DATA FOR REVIEW:
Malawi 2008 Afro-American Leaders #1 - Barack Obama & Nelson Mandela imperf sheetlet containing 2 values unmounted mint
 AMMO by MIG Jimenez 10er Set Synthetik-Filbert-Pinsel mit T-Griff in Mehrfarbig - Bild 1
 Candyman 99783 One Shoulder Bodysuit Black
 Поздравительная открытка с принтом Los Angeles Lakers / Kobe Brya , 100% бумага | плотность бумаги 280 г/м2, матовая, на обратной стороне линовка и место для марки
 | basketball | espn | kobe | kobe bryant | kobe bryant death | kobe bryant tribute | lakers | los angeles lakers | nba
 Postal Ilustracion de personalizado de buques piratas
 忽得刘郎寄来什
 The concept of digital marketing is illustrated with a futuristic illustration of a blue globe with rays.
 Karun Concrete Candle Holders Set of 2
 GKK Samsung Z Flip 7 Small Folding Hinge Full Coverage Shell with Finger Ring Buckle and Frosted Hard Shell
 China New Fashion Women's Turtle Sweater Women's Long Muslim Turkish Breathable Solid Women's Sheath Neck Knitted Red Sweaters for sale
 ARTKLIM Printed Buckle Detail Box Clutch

THE PROBLEM: The answer should be all lines from the entries above that hold the word "Buckle".

ANSWER AREA:
 GKK Samsung Z Flip 7 Small Folding Hinge Full Coverage Shell with Finger Ring Buckle and Frosted Hard Shell
 ARTKLIM Printed Buckle Detail Box Clutch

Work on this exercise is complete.